Этот разговор произошел в воскресенье. Значит, до празднества оставалось всего несколько дней. Все они прошли в бурной подготовке к важному событию.
Первым украшением были два зеленых флага, вывешенных на воротах дома, цветные стружки. В центре повесили расцвеченную корону. Это было первым ощутимым доказательстом того, что и вправду свадьба состоится. Ждать оставалось совсем немного, и не за горами удовольствие поесть долгожданного свадебного плова с вермишелью и анисом.
Последующие дни летели для Сейида на крыльях ангелов. Все больше появлялось признаков приближающегося торжества. Двор покрыли циновками. На следующий день к воротам прибили еще два флага и цветной стеклянный шар. Еще через день стояки ворот обвили зеленью, переплели их зелеными и белыми лентами. И вот наступил четверг. Большой шатер был полностью готов к приему гостей. За ним расположился небольшой шатер, в котором была устроена кухня, заваленная всякими съестными припасами.
Целую неделю все обитатели переулка готовились к событию: одни — в качестве родственников, другие — приглашенных. Все они старались как можно лучше выполнить свой долг. Готовились все, кроме Шуши, который по уши погряз в похоронах и отпевании покойных. Аллах как бы открыл для "благородных" рог печального изобилия. Похорон была масса. Шуша, кажется, окончательно отдался новому занятию. С каждыми похоронами росла его сопротивляемость страху перед смертью, укреплялись нервы, с каждым разом он все легче переносил моральные тяготы участия в проводах рабов божьих к месту их вечного поселения. Ему уже казалось, что еще несколько похорон, и он окончательно избавится от всякого страха перед смертью, покойниками и могилами. Шуша уже привык каждый день появляться в кофейне "Для благородных", участвовать вместе с ними в похоронных процессиях, извлекать из них двойную для себя выгоду — материальную и моральную.
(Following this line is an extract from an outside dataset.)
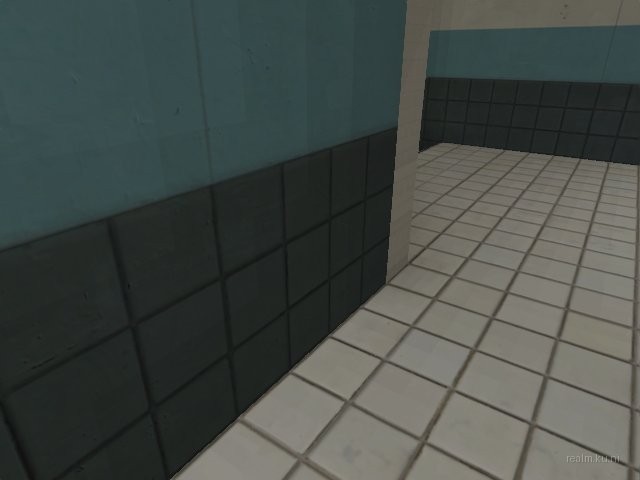 dm_bloodrun_v1 thumb 24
В переулке уже говорили с удивлением о Шуше, видя его каждый день после обеда шагающим со свертком под мышкой. Удивлению обитателей Кошачьего переулка не было предела, когда они услышали рассказ очевидца, увидевшего Шушу, шагающим в колонне хоронивших, одетого в траур, с кадилом в руках.
Люди толковали это событие по-разному. Одни говорили: Шушу одолела страсть к деньгам. Воспользовался смертью Шеххаты и наследовал его имущество и работу. Другие считали, что Шуша получает удовольствие от печальных зрелищ, третьи — с ума спятил водонос. Мало ли что говорят люди!..
Но все эти разговоры велись между собой. Никто не рисковал спросить Шушу прямо. Шли дни, и люди привыкли к причудам их соседа-водоноса. Разговоры стали утихать. Вскоре об этом вопросе и совсем забыли. Другое дело — Сейид. Он не переставал думать об изменениях, происшедших в поведении и характере отца. Он начал страдать от разговоров о его отце.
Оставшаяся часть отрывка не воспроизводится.